All rectangles in grid with common corner

Question

I'd like to take a grid of 0's and 1's and arrive at all rectangles present in the grid, which share a common corner.

Similar to the Maximal Rectangle problem - Link 1 Link 2

But instead of finding a single rectangle with the maximum area, I'd like to find all rectangles that share a common corner. IE if I specify coordinates (10,10) I'd like all possible rectangles that have a bottom left corner of 10,10.

Could someone help explain how I can adapt the implementation of the algorithm I linked to do what I described?

Answer 1

You don't want or need my linked answer for this. An easy way to do this is to first calculate the "integral image" I[][] of the input matrix M[][] -- that is, a matrix I[][] whose (x, y) entry is the sum of all entries below and to the left of (x, y) in the input matrix. This lets you easily compute the number of 1s in any given rectangle (x1, y1, x2, y2) in constant time using I[x2][y2] - I[x1-1][y2] - I[x2][y1-1] + I[x1-1][y1-1], if (x1, y1) is the bottom-left corner and (x2, y2) is the top-right corner. I[][] can be computed in a one-time O(n^2) preprocessing step.

For a given bottom-left corner (x1, y1), you can then simply loop through all widths w and heights h in increasing order using a pair of nested loops, testing whether the number of 1s in the rectangle (x1, y1, x1+w, y2+h) is the number of 1s that should be there in an all-1 rectangle -- i.e., (b+1)*(h+1). As soon as this fails to hold, exit that loop early (since clearly if some rectangle is not an all-1 rectangle, then no rectangle that contains it can be either).

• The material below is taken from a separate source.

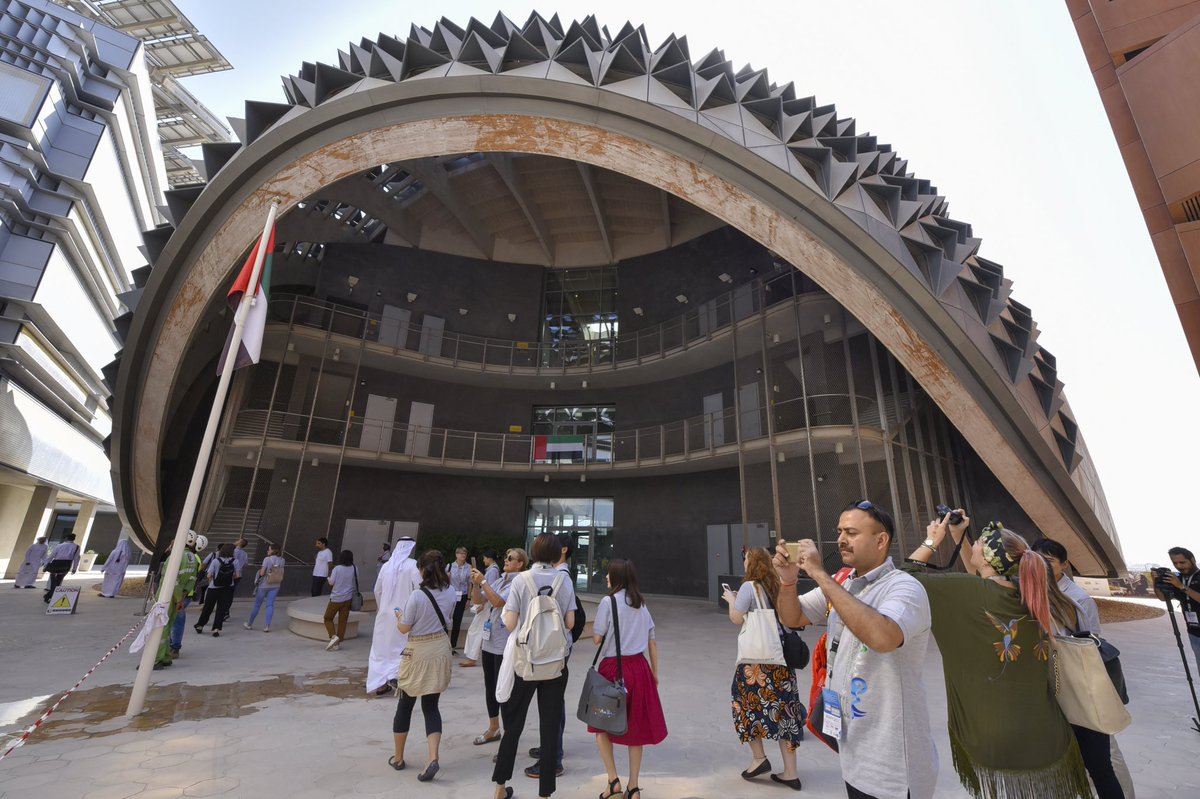 swyuae's tweet photo. During @masdar city visit 

اثناء زيارة ملتقى "سفينة شباب العالم” لمدينة #مصدر

#swyga11 https://t.co/T4XEzQ3qG3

This algorithm is of course O(n^2)-time for an n*n rectangle, but there is no avoiding this worst case (consider an input matrix in which every entry is 1).

Answer 2

I am not sure about how to adapt the given algorithm for this problem, but I have a good way to solve this problem.

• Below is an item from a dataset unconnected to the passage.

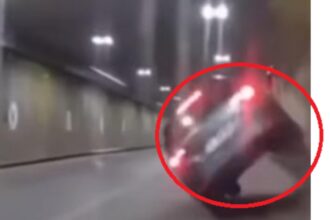 ancheta a politiei dupa accidentul spectaculos de la pasajul unirii un tanar de 24 de ani a ajuns la spital 695253477b4d6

Say, we are given the bottom-left corner for the rectangles at (x1, y1). We keep a count of the number of rectangles(with value 1 and sharing the bottom-left corner) num and a horizontal value till which rectangles can be found at this value of y hval. Now, we traverse horizontally until hval or if we find a 0 in the way, since no rectangles can be made beyond this point. Now, we make this x the new hval. We move to the next row and do the same each time counting the number of rectangles we have passed.

The solution is O(n2). Since we used atmost 2*num steps the complexity of solution is also bounded by θ(num).

This python code sample can provide a better understanding:

num = 0
hval = len(board)
i = 1
x1=1
y1=1
x2 = x1
while (y1 < len(board) and i > 0):
    i = 0
    while (board[y1][x2] == 1 and x2 < hval):
        num += 1
        x2 += 1
        i += 1
    else:
        hval = x2
        y1 += 1
        x2 = x1
print(num)